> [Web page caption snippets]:
Content starts

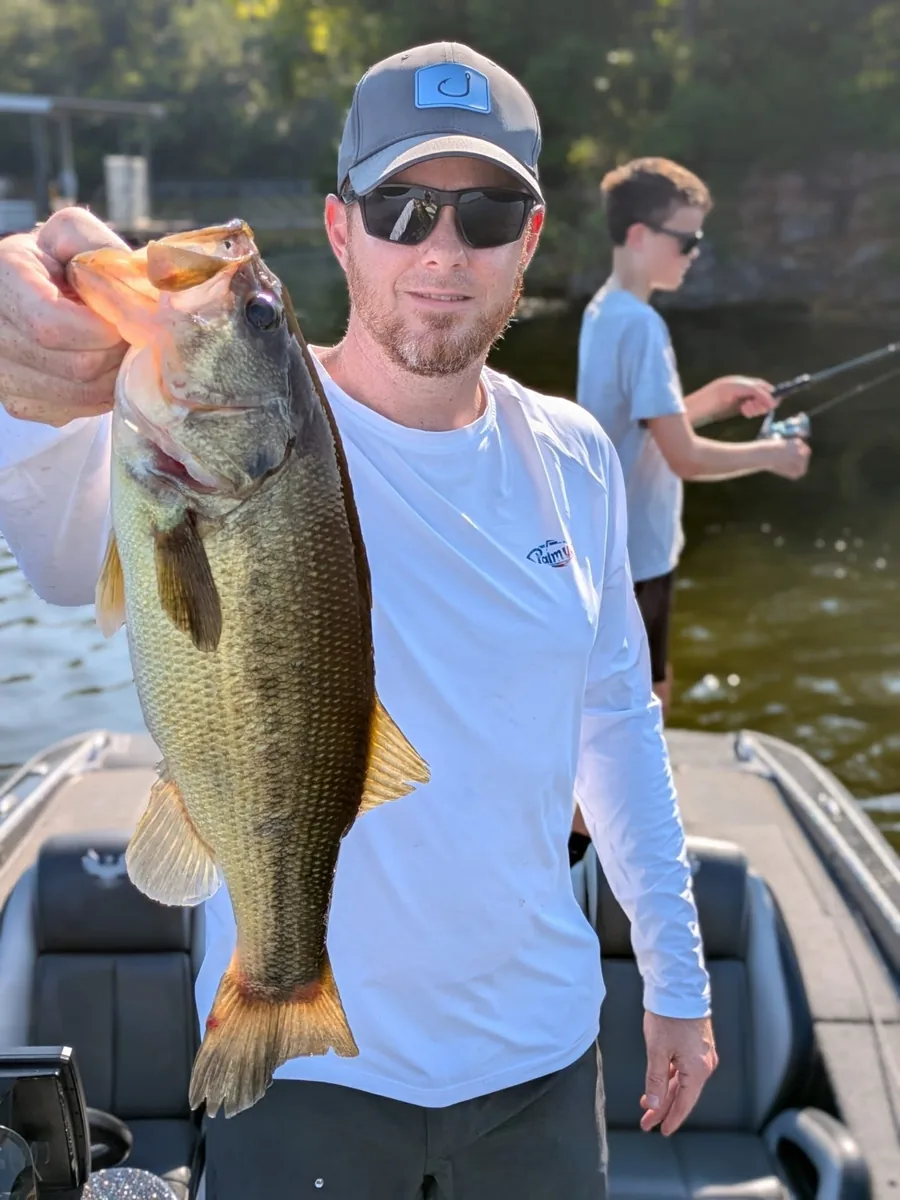 An angler with a largemouth bass while his partner keeps casting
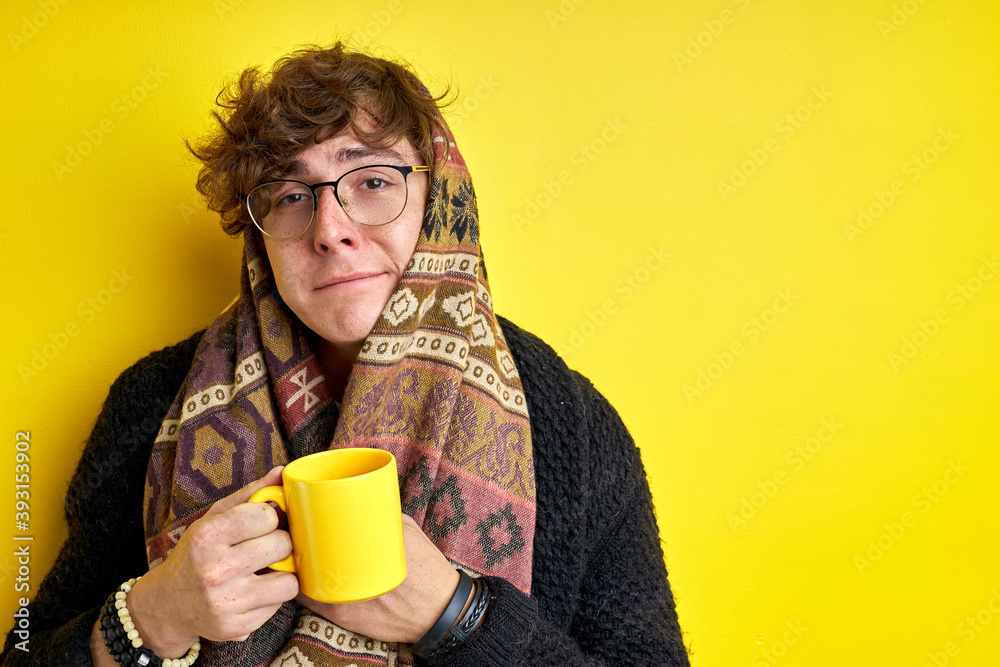 ill caucasian man isolated over yellow background, hold yellow cup with liquid medicine in it. male is drinking for better health, wearing warm clothes ill caucasian man isolated over yellow background, hold yellow cup with liquid medicine in it. male is drinking for better health, wearing warm clothes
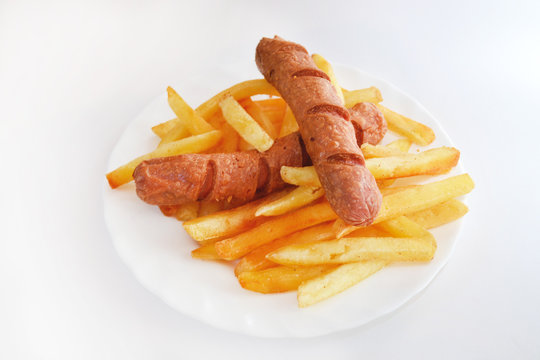 Fried sausage with french fries on gray background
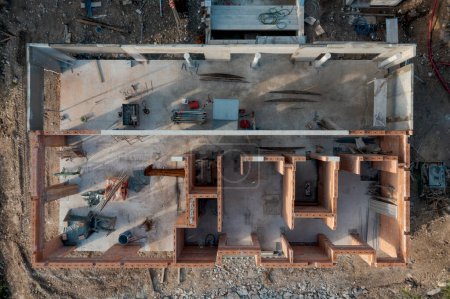 Foto de Aerial drone view of an outbuilding under construction, roofless with walls made of bricks. Around it is the building site. Nobody inside - Imagen libre de derechos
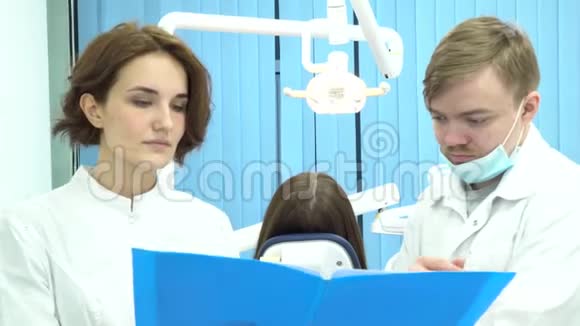 持文件夹的男女牙医在牙科椅上的病人面前讨论治疗问题视频的预览图
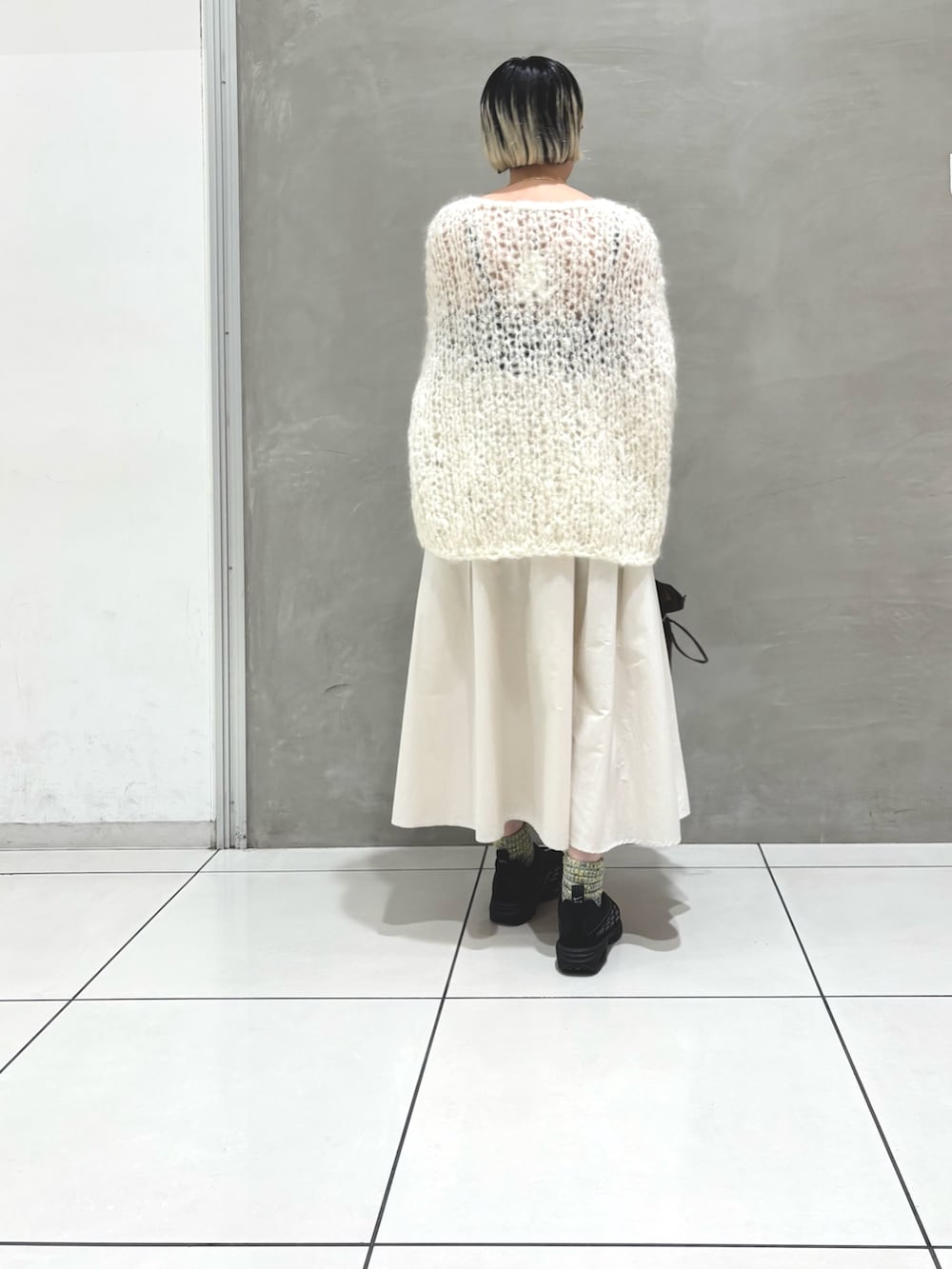 ホワイト系のニット/セーター、ホワイト系のスカート、ブラウン系のショルダーバッグを着用したレディースの秋コーディネートの3枚目の写真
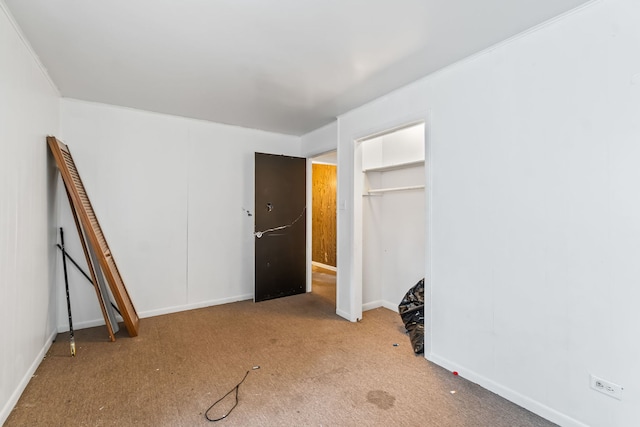 14217 Turner Ave, Robbins, IL 60472 - unfurnished bedroom featuring carpet floors, baseboards, and a closet
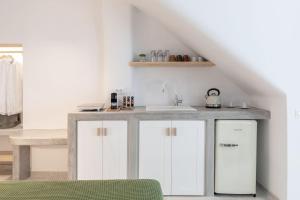 a white kitchen with a sink and a counter at Salvatore's Island House in Mýkonos City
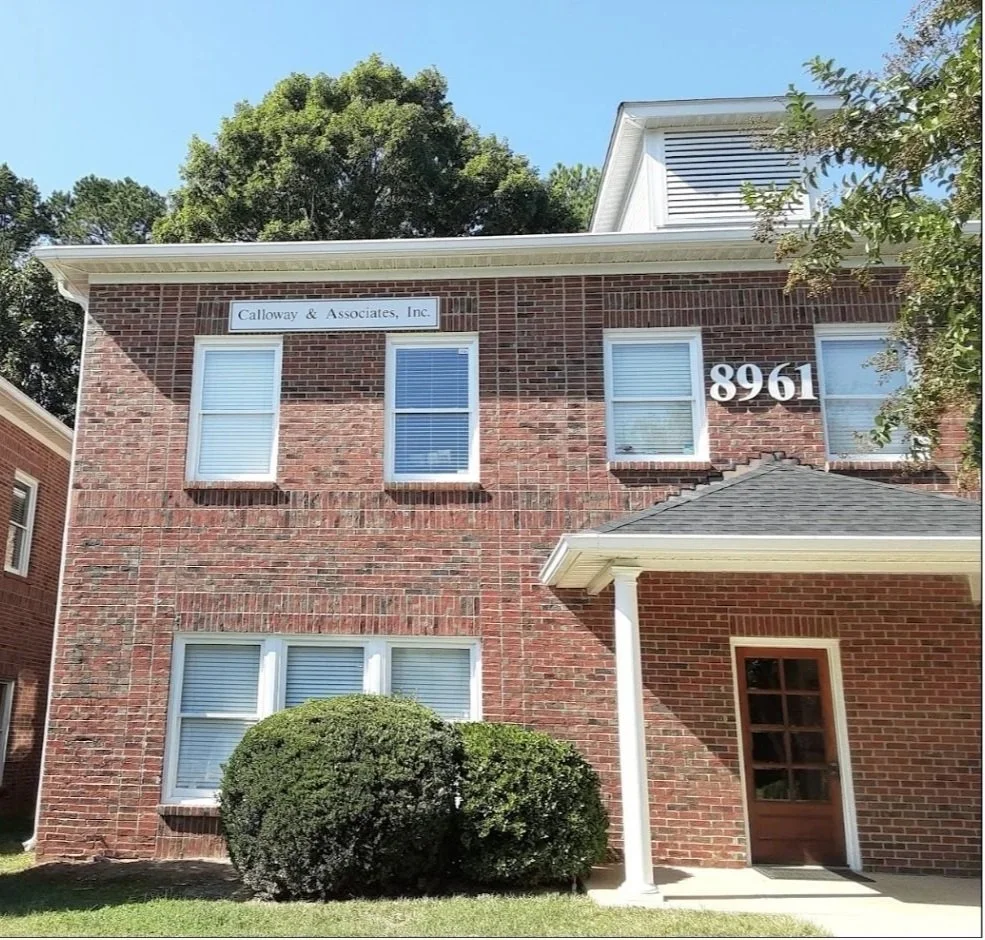Brick commercial building exterior with address number 8961 and trees under a blue sky.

Content ends

> [Requirement]: Without the pictures, print all of the records exactly.

> [Output for this exercise]:
 An angler with a largemouth bass while his partner keeps casting
 ill caucasian man isolated over yellow background, hold yellow cup with liquid medicine in it. male is drinking for better health, wearing warm clothes ill caucasian man isolated over yellow background, hold yellow cup with liquid medicine in it. male is drinking for better health, wearing warm clothes
 Fried sausage with french fries on gray background
 Foto de Aerial drone view of an outbuilding under construction, roofless with walls made of bricks. Around it is the building site. Nobody inside - Imagen libre de derechos
 持文件夹的男女牙医在牙科椅上的病人面前讨论治疗问题视频的预览图
 ホワイト系のニット/セーター、ホワイト系のスカート、ブラウン系のショルダーバッグを着用したレディースの秋コーディネートの3枚目の写真
 14217 Turner Ave, Robbins, IL 60472 - unfurnished bedroom featuring carpet floors, baseboards, and a closet
 a white kitchen with a sink and a counter at Salvatore's Island House in Mýkonos City
Brick commercial building exterior with address number 8961 and trees under a blue sky.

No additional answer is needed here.